Anyone have problems with Valgrind incorrectly reporting an invalid write? I've got a C program with this loop:

void myfunc4(int *myData, ...) 
{
 int *variable1, *variable2, ii, ss, bb, jj;
 ...
 bb = 0;
 for (ii=0; ii<ss; ii++) {  
   for (jj=0; jj<(variable2[ii]-variable1[ii]+1); jj++) {
       myData[bb] = variable1[ii] + jj; /* valgrind reports error is on this line */
       bb = bb+1;
   }
   printf("ss = %d, ii = %d, bb = %d \n", ss, ii, bb);
 }
}

I run Valgrind using,

valgrind --log-file=./logfile --leak-check=full ./myProgram

and the first and only "Invalid" error it lists is:

==6135== Invalid write of size 4
==6135==    at 0x4090AA: myfunc4 (myfunc4.c:170)
==6135==    by 0x408527: myfunc3 (myfunc3.c:168)
==6135==    by 0x406CA1: myfunc2 (myfunc2.c:84)
==6135==    by 0x410163: myfunc1 (myfunc1.c:133)
==6135==    by 0x413726: main (myProgram.c:511)
==6135==  Address 0x1077c250 is 209,712 bytes inside a block of size 209,715 alloc'd
==6135==    at 0x4A05FDE: malloc (vg_replace_malloc.c:236)
==6135==    by 0x408248: myfunc3 (myfunc3.c:119)
==6135==    by 0x406CA1: myfunc2 (myfunc2.c:84)
==6135==    by 0x410163: myfunc1 (myfunc1.c:133)
==6135==    by 0x413726: main (myProgram.c:511)
==6135== 
==6135== More than 10000000 total errors detected.  I'm not reporting any more.
==6135== Final error counts will be inaccurate.  Go fix your program!

Valgrind states the error occurs in the line of code:

myData[bb] = variable1[ii] + jj;

If I step through the program at that point using gdb, it runs fine.
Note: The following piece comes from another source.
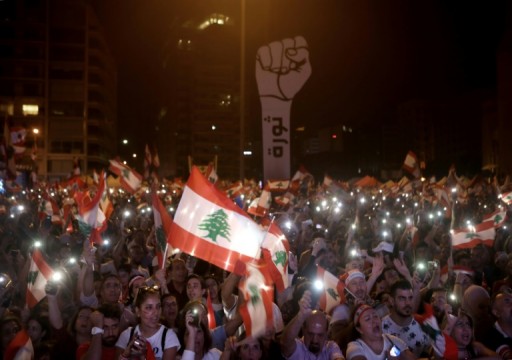 قتيل بعد تجدد احتجاجات غاضبة وقطع طرق رئيسية في لبنان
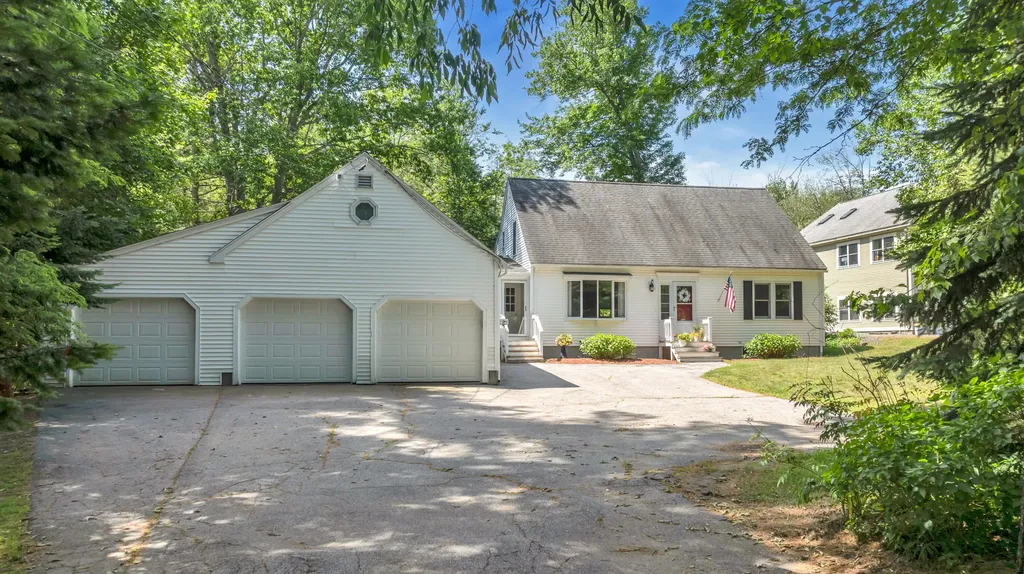 286 Littlefield Road Wells ME 04090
The last printf displayed before the loop completes is:

ss = 687, ii = 686, bb = 2690

I can't seem to observe any problem outside of Valgrind. Valgrind consistently gives this error, but gdb consistently shows no problem.

The memory allocated for myData is, as Valgrind correctly reports, 209712 bytes, which is room for 209712/4 = 52428 integers (I'm using Linux 64 bit machine). From the printf statement, I can see the for loop exits with bb=2690 as it should. So the largest index used for array myData[bb] (where Valgrind complains) is myData[2689] .
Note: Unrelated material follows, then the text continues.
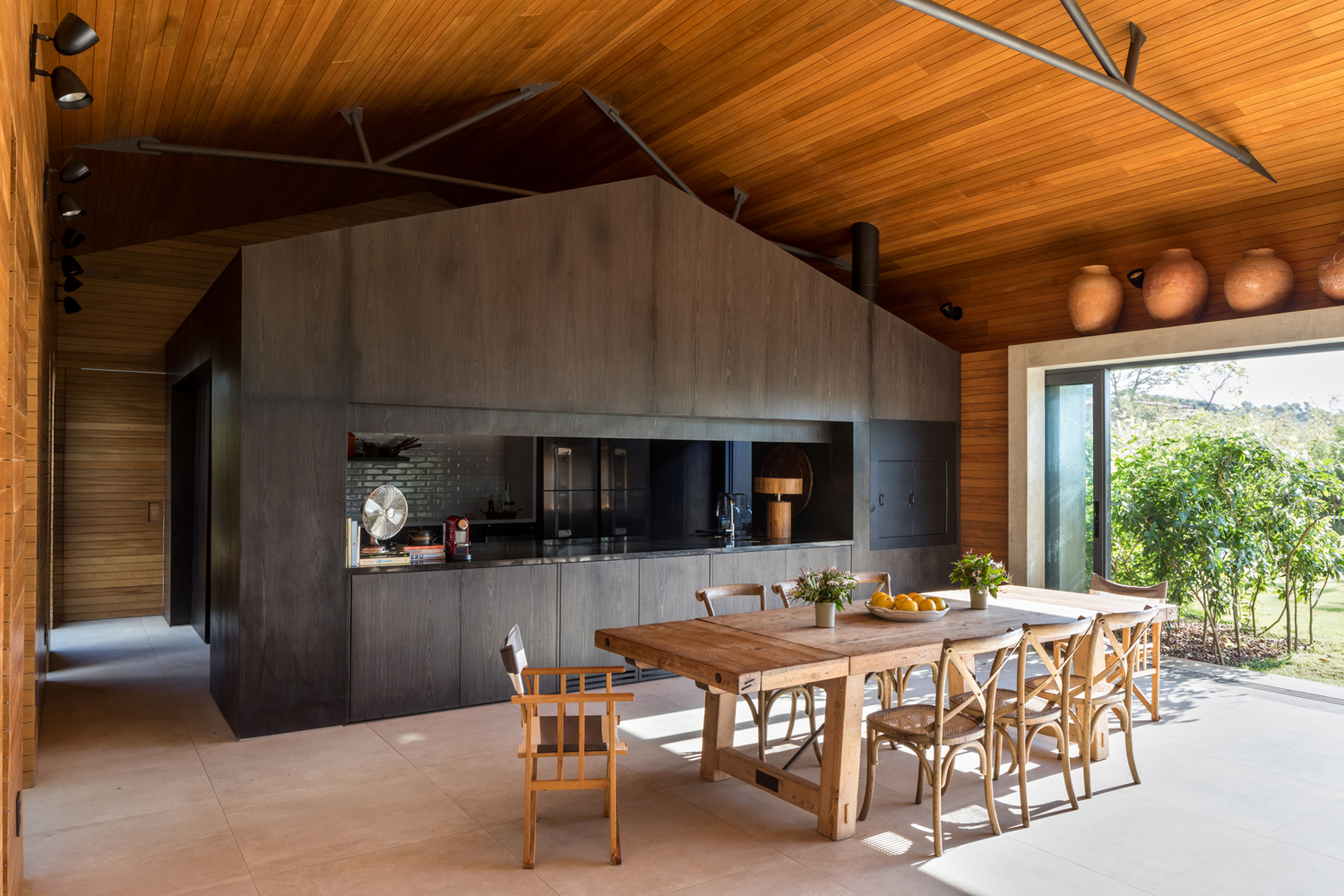 Casa Jordão / FGMF - Pátio, Viga, Mesa, Iluminação, Cadeira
Can anyone shed some light where I can look next? I've been staring at this all day. I've not used Valgrind much, and I don't want to call it a lier, but am I doing something wrong here? Any advice much appreciated.

UPDATE 1

The call to myfunc4() inside myfunc3() is:

int *myData, lengthA; 
...
myData = malloc( sizeof(int) * lengthA / 10); 
myfunc4(myData);

UPDATE 2

If I modify the loop to include an if (bb>10000) statement, gdb never tests true, but Valgrind does. The compiled program is the same. Anyone have any insight what's going on?
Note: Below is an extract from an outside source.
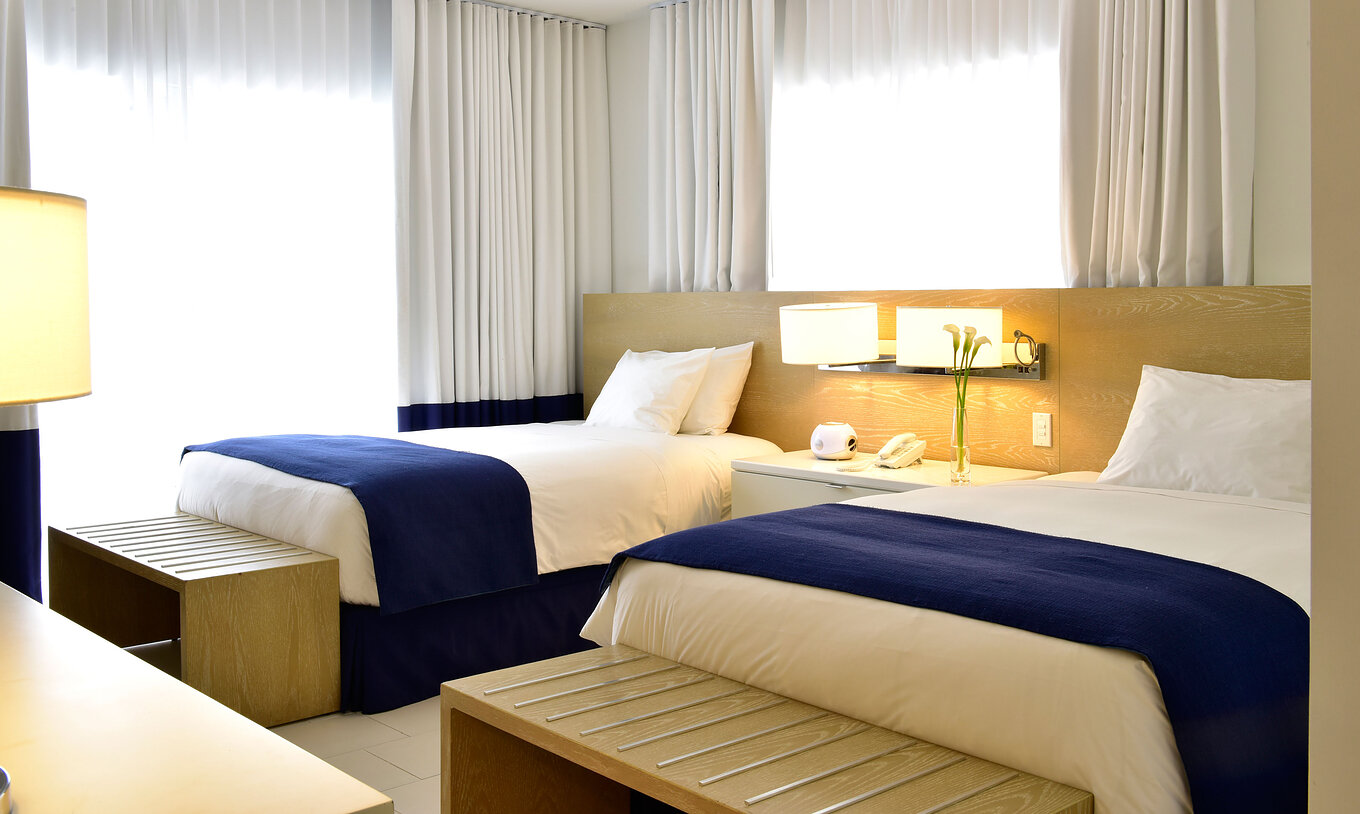 El Superior Doble con Balcón del Pestana Miami es una habitación con dos camas y decoración minimalista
void myfunc4(int *myData, ...) 
{
 int *variable1, *variable2, ii, ss, bb, jj;
 ...
 bb = 0;
 for (ii=0; ii<ss; ii++) {  
   for (jj=0; jj<(variable2[ii]-variable1[ii]+1); jj++) {
       myData[bb] = variable1[ii] + jj; 
       bb = bb+1;
       if (bb>10000) {
          printf("bb=%d \n", bb); /* valgrind executes this line but gdb does not */
          exit(1);
       }
   }
   printf("ss = %d, ii = %d, bb = %d \n", ss, ii, bb);
 }
}

I finally figured out the bug. Malloc, of course, doesn't initialize to zero, and I had an if statement (not shown above) that set some array values, but there wasn't a else statement to catch the other path to set the same array values, so that other path used the unitialized values which led to bad behavior.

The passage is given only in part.